如图所示，容易看出笛卡尔树不仅下标作为了 \(BST\) 的键值，它的 \(val\) 也作为了堆的优先级，越上面的越小，这是个小根堆。

怎么建树？这里有一种单调栈建法，以小根堆为例，我们单调栈维护 \(val\) 从小到大的递增栈，那么我们从左往右依次加，栈中即为在当前插入点下标更小的元素，对于当前节点来说，如果在它之前且比它大的最后一个元素，显然即为它的左儿子。而栈顶即为最近下标比它小，且值也比它小，理应它为对方的右儿子。

参照大根堆建树代码

int root;
int a[N];
int child[N][2];

inline void build()
{
    stack<int> st;
    forn(i, 1, n)
    {
        int last = 0;
        while (!st.empty() and a[st.top()] < a[i])last = st.top(), st.pop();
        if (!st.empty())child[st.top()][1] = i;
        child[i][0] = last, st.push(i);
    }
    while (!st.empty())
    {
        if (st.size() == 1)root = st.top();
        st.pop();
    }
}

那么笛卡尔树的特点，我们可以用来干嘛？首先最基础的一点，大部分的 \(BST\) 都可以类似线段树一样，从中间往两边递归建树，满足 \(\log{n}\) 的期望高度，而如果我们的 \(treap\) 如果也参照如此，那么很显然会破坏堆的性质，虽然在平衡树当中 \(rnk\) 仅仅只是防止退化，不满足堆的特点也没关系。但我们可以利用这种建树方式，也可以达到 \(O(n)\) 级建造 \(treap\) 类树。

另一个特点，堆的特点。对于 \([l,r]\) 的 \(rmq\) 结果即为它们的 \(LCA\) 对应的值。

稍微证明下：

例如以这个为例，我们容易知道 \(val=10\) 的点的父亲的下标一定是 \(<left_{all}\)，所以这个容易推广到所有情形，对于一个 \(LCA\) 来说它的父亲及其以上部分的点都一定不包括 \([l,r]\) 区间。而从 \(l \rightarrow LCA\) 和 \(LCA \rightarrow r\)，这两条路径中。
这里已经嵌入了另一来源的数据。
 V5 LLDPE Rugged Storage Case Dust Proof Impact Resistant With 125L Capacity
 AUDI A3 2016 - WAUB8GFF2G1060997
显然 \(l \rightarrow LCA\) 要么直接走到，要么中途经历了拐弯。直接走到很简单，但很显然有一个显而易见的性质，\(l\le LCA \le r\)，这个性质来源于左右子树，而 \(LCA\) 又是在 \(fa(LCA)\) 之下的最高点，即以 \(LCA\) 作为的堆顶的堆的顶点，它上方的 \(fa\) 要么
\(< [l,r]\) 要么 \(>[l,r]\)，一定不在 \([l,r]\) 中，得证。这样一来，我们就可以把 \(RMQ\) 问题改为树上 \(LCA\) 问题了。

2.欧拉序求LCA怎么求

欧拉序有常见的两种：

这个就是第一种，这种我们只需要在 \(dfs\) 每个相邻节点结束加入即可，同时记录最早访问时间，即为 \(dfn\) 序。容易观察到每个点至多有 \(\text{度数} +1\) 个点，总个数为 \(2 \times n-1\) ，这个我们可以根据树的总边数为 \(n-1\)，然后每个点至少访问一次共 \(n\) 次，所以总共为 \(2n-1\)。

特点：

欧拉序上任意两个点最先出现的时候之间出现的点深度最浅的即为 \(LCA\)，根据 \(dfs\) 的过程不难得知这是正确的，因为我们是从一个点往上回溯到 LCA 再遍历另一个点。
欧拉序任意两个点的深度之差为 \(1\) 或者 \(-1\)。不难得知这也是正确的，因为我们 \(dfs\) 向下或者回溯向上递归一层就会加入一个点。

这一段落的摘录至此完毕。